◆ Work instructions
The reply must contain exactly the lines below from the one with "Niedliches Baby Woodland" down to the one with "Final Touch Black", both included, and nothing more; please omit the pictures.

◆ Data to use
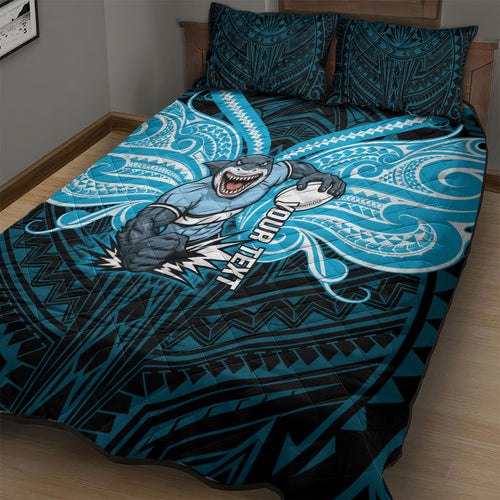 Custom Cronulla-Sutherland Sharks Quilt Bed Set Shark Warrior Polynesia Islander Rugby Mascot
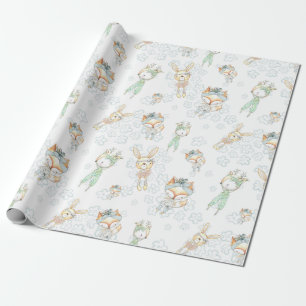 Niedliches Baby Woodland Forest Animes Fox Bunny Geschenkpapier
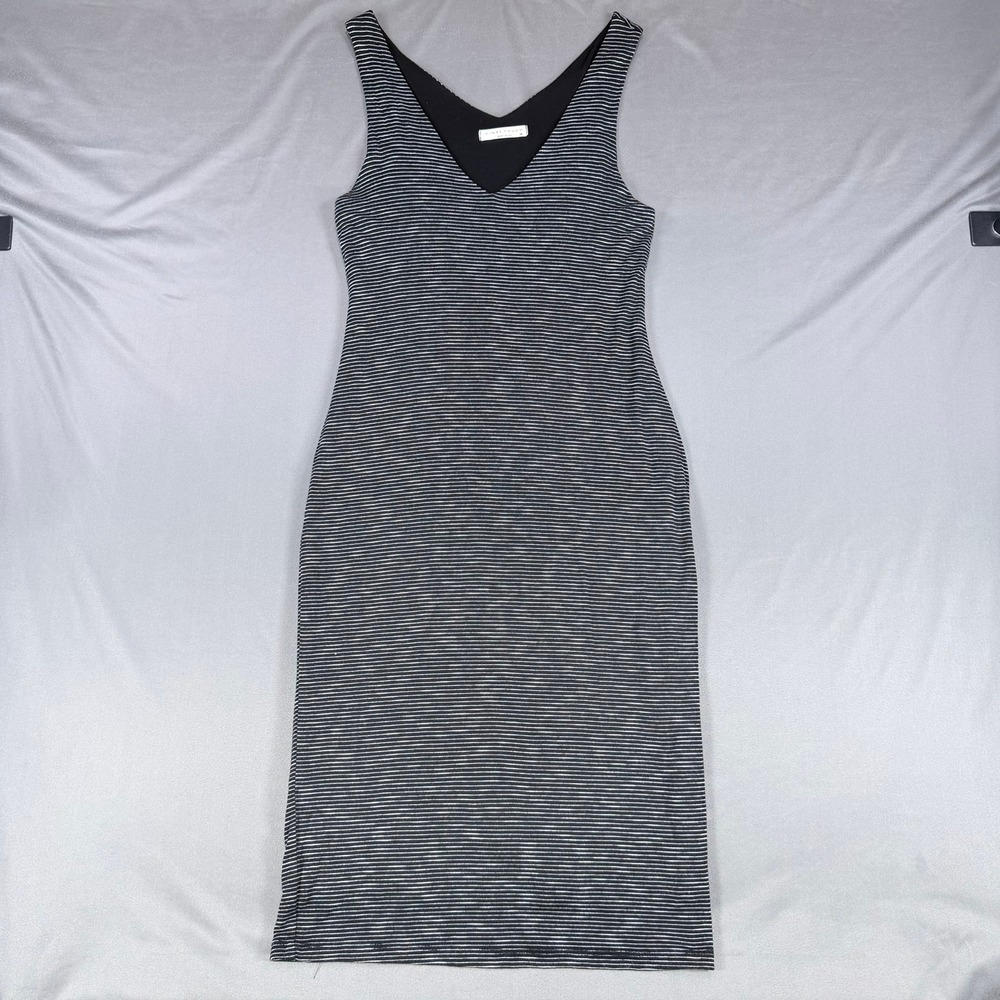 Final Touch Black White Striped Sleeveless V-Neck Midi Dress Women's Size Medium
==
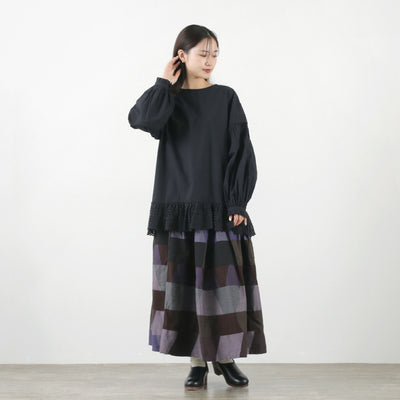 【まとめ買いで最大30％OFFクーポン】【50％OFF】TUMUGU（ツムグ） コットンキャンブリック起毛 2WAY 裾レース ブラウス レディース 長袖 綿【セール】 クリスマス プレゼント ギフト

◆ Reply to the task
 Niedliches Baby Woodland Forest Animes Fox Bunny Geschenkpapier
 Final Touch Black White Striped Sleeveless V-Neck Midi Dress Women's Size Medium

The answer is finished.